The center provides training to business journalists nationwide through both workshops and online. Given the current economic meltdown, clear and cogent business reporting has never been more important. This position gives me the chance to help improve that reporting on a national stage. The center’s mission dovetails neatly with my longstanding advocacy for better training for journalists and my background as business editor of The Philadelphia Inquirer.
I hope to foster on a national scale the kind of watchdog journalism that the Herald-Leader’s staff has long been known for doing.

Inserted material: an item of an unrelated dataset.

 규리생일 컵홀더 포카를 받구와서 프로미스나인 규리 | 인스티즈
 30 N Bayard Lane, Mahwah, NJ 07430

Just since Jan. 1, six public officials have resigned following our reporting about runaway spending at Blue Grass Airport, a questionable raise at the state Office of Homeland Security, and bonding questions about the state’s courthouse construction program.
The newsroom has also worked hard to deliver the news to you online, launching three Web sites — LexGo.com, bluegrassmoms.com and kentuckysports.com — as well as enhancing our coverage of high school sports and giving a venue to community bloggers. Our efforts to tell stories with audio, video and photos gained international recognition when one of our multimedia projects, “A New Dawn? A Kentucky Mother’s Struggle through Drug Court,” was picked as the best in the world in the Pictures of the Year International competition last year.
Without question, the newsroom is losing some very good folks today as the Herald-Leader contracts in response to the recession that has gripped so many businesses, including our advertisers. Their many contributions will be missed, but I am certain that the Herald-Leader’s commitment to delivering quality local reporting to you will not waver.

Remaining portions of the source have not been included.